Short, Sweet, and to the Homies
I am a lover of my friends’ couches. From New York to Los Angeles and from New Orleans to Denver, I find comfort and wisdom in folks who have been in my corner for years. Whether I have known you since fourth grade math class or we carved pumpkins sophomore year in college, I tend to keep folks. Life may happen. Years may go by. But if there was love there, we pick up where we left off no matter when it was. We laugh like no one’s business. We philosophize over the state of the union. We talk music and current events, sorrows and wins. We reminisce… boy, do we reminisce, and we keep building.
Being in relationship with folks teaches us as much about other people as it does about ourselves. We spend so much of our time hoping our relationships are going to last forever just as they are. But, we change. Life changes us. We move. We get jobs. We pass bar exams and get more degrees. We raise children. We change careers. We lose parents. We start businesses. We become different people, or if we’re lucky, we become more of who we’ve always been. We then should count ourselves blessed if some folks grow with us to the other side of our lives and decide to stay, and I am infinitely blessed.

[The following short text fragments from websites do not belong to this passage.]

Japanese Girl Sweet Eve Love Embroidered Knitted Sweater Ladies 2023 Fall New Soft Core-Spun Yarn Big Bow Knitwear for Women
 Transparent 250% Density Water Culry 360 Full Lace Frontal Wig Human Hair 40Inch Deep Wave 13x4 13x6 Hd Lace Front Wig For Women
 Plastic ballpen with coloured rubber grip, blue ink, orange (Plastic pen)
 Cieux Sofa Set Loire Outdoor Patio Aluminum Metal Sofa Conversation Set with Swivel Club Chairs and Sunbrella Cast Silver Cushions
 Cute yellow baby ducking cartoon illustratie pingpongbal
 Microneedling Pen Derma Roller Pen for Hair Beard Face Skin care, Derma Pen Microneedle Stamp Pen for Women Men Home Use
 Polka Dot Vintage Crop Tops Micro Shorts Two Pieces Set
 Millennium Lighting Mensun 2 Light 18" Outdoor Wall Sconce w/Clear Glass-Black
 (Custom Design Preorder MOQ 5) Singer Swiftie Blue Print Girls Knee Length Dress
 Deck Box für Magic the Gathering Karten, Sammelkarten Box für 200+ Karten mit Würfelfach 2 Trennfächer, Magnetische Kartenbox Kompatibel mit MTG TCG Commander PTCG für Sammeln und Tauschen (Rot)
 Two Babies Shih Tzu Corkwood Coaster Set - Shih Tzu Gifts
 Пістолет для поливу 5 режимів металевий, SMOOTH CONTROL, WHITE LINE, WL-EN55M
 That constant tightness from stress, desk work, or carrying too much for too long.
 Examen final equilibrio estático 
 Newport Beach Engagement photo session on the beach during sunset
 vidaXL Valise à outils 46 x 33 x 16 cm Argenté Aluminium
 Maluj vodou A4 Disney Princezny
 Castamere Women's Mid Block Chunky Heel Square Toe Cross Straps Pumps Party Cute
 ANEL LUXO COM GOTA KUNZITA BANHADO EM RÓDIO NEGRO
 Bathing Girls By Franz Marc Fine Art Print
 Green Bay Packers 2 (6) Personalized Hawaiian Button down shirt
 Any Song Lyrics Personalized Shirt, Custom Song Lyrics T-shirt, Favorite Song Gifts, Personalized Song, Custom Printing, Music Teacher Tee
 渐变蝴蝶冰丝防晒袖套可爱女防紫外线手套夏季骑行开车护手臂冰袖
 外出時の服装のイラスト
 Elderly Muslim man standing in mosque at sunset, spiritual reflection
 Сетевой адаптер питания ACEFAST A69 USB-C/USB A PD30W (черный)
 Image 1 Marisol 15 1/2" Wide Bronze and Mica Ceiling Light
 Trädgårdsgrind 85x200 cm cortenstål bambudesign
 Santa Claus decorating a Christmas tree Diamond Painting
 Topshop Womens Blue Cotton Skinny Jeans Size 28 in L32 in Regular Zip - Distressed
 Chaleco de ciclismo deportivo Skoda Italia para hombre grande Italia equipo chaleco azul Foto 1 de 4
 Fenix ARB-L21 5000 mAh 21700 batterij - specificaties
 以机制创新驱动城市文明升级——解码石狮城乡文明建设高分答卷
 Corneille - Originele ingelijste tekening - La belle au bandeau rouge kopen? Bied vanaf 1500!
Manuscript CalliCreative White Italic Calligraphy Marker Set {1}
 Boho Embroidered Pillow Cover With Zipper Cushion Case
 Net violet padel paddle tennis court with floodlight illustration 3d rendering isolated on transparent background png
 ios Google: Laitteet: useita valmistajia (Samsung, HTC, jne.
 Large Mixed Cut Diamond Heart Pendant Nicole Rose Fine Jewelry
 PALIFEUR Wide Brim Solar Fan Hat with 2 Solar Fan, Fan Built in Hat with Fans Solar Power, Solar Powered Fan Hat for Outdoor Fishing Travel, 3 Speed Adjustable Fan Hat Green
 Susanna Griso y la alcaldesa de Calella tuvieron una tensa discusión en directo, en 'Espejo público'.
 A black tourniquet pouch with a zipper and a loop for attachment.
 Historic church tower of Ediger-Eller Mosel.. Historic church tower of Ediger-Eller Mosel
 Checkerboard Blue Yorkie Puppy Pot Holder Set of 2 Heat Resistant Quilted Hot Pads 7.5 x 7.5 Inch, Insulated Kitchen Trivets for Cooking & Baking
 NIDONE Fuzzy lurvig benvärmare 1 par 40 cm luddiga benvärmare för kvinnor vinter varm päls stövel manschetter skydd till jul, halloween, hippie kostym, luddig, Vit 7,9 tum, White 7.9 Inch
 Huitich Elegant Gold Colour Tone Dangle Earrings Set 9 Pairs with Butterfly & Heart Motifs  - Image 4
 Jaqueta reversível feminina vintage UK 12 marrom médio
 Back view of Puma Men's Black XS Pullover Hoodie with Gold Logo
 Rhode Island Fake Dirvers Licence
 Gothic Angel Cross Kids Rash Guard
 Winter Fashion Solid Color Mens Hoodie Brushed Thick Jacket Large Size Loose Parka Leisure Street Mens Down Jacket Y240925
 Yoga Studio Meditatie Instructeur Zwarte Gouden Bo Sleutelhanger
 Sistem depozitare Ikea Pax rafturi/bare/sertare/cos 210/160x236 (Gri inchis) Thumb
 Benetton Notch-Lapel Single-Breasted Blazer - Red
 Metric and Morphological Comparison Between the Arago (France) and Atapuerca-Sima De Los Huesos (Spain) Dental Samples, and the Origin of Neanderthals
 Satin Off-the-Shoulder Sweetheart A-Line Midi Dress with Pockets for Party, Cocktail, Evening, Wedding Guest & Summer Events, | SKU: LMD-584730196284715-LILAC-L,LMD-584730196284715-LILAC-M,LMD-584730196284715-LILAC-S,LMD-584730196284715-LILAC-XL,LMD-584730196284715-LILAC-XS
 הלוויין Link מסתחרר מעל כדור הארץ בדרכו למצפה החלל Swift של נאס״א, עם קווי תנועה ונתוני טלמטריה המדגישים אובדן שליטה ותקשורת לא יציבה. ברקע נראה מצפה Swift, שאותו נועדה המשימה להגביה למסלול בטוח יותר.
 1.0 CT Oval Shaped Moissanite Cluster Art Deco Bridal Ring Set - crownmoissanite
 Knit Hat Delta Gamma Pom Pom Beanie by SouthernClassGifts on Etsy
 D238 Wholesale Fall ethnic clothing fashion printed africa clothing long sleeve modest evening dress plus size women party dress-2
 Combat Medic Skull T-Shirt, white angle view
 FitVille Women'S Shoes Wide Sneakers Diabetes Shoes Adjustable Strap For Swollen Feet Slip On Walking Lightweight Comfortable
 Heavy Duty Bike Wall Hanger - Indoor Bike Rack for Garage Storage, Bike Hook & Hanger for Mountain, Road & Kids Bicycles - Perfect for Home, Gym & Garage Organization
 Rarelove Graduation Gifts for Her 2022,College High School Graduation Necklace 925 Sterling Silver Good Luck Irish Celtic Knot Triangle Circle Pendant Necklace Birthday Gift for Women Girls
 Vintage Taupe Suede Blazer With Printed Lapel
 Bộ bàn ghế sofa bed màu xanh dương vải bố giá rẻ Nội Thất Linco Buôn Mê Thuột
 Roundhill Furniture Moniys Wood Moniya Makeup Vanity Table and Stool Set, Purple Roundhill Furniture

As we traverse this world, do your best to take the folks who see you and hear you, with you. Pour into them. Don’t be afraid to be vulnerable, to express a need, to set a boundary. Be comfortable getting it wrong and mending it back. Don’t take things too personally (we all got our own lives and our own stuff, and we’re doing the best we can). Affirm your folks; tell them what they mean to you. Show UP. Our friendships need as much care as the other relationships that fuel our lives, and loving properly on the folks who love on us always puts more in our cup.